KAMPALA, Uganda — The Ugandan government’s proposed 69.4 trillion shilling budget for the 2026-2027 fiscal year signals a major shift in national priorities, with massive funding increases for infrastructure and the extractives industry coming at the expense of health and education.

According to the National Budget Framework Paper, the government is narrowing its resource envelope from 72.4 trillion shillings in the current year to 69.4 trillion shillings. Within this tighter budget, the administration is prioritizing sectors deemed essential for its tenfold growth strategy and the transition to commercial oil production.

Funding Surge for Oil and Transport

The sustainable extractives industry is the largest beneficiary of the new proposal.

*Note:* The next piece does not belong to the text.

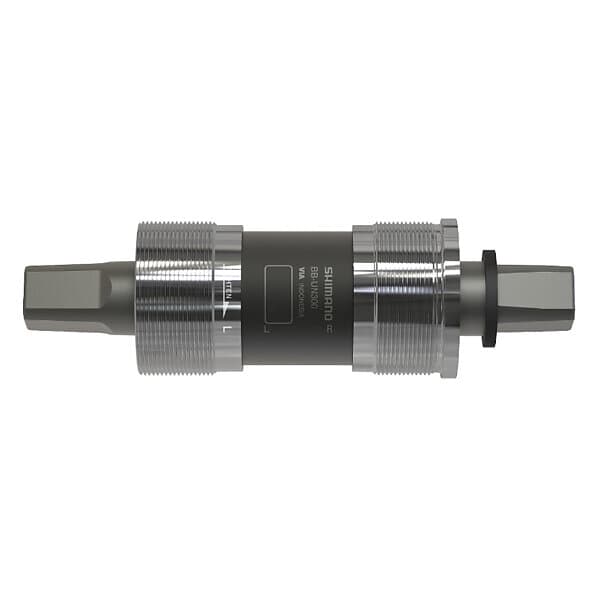 Shimano BB-UN300 Fyrkantig Vevlager 122,5/73 mm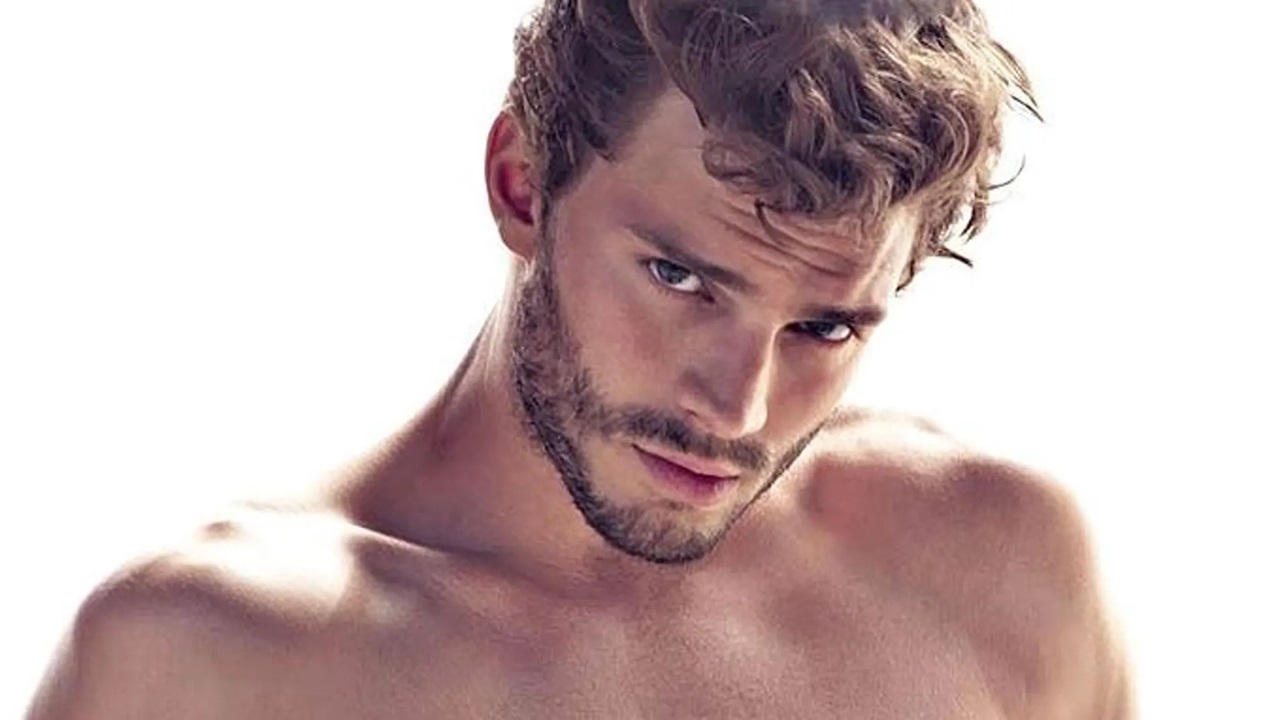 Jamie Dornan 50 sfumature di grigio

Funding for the sector is projected to nearly double, rising to 1.7 trillion shillings. This increase is intended to accelerate the completion of the East African Crude Oil Pipeline and various mineral quantification projects across the country.

Infrastructure also remains a protected priority. The integrated transport budget is set to rise by 6% to 6.8 trillion shillings, with a focus on rehabilitating the Meter Gauge Railway and road networks critical for trade and industrial movement.

Sharp Cuts to Human Capital and Housing

To accommodate these investments, the government has proposed significant reductions in social service spending. Human capital development, which encompasses both the health and education sectors, is slated for a 14.2% cut. The allocation will drop from 11.5 trillion shillings in the 2025-2026 period to 9.9 trillion shillings in the upcoming fiscal year.

Furthermore, the budget for sustainable urbanization and housing will be cut by half, plunging from 1.5 trillion shillings to roughly 650 billion shillings. This reduction will likely scale back infrastructure projects in secondary cities.

Economic Outlook and Fiscal Discipline

Finance ministry officials, led by Permanent Secretary Dr. Ramathan Ggoobi, argue that these targeted investments are necessary to support a 10.4% GDP growth rate by the end of the fiscal year. The government believes focusing on value addition in minerals and oil will ultimately provide the revenue needed to fund social services in the future.

However, analysts from the Southern and Eastern Africa Trade Information and Negotiations Institute (SEATINI) warn that while oil revenues present a transformative opportunity, the government must ensure transparent management and social equity.

Economist Stephen Kaboyo noted that despite the promising growth, the government faces persistent fiscal pressures and high debt levels. He emphasized the need for fiscal discipline to ensure that the “win” for infrastructure does not come at too high a cost for the average citizen.

Parliament is expected to complete its review and approval of the framework paper by the end of January.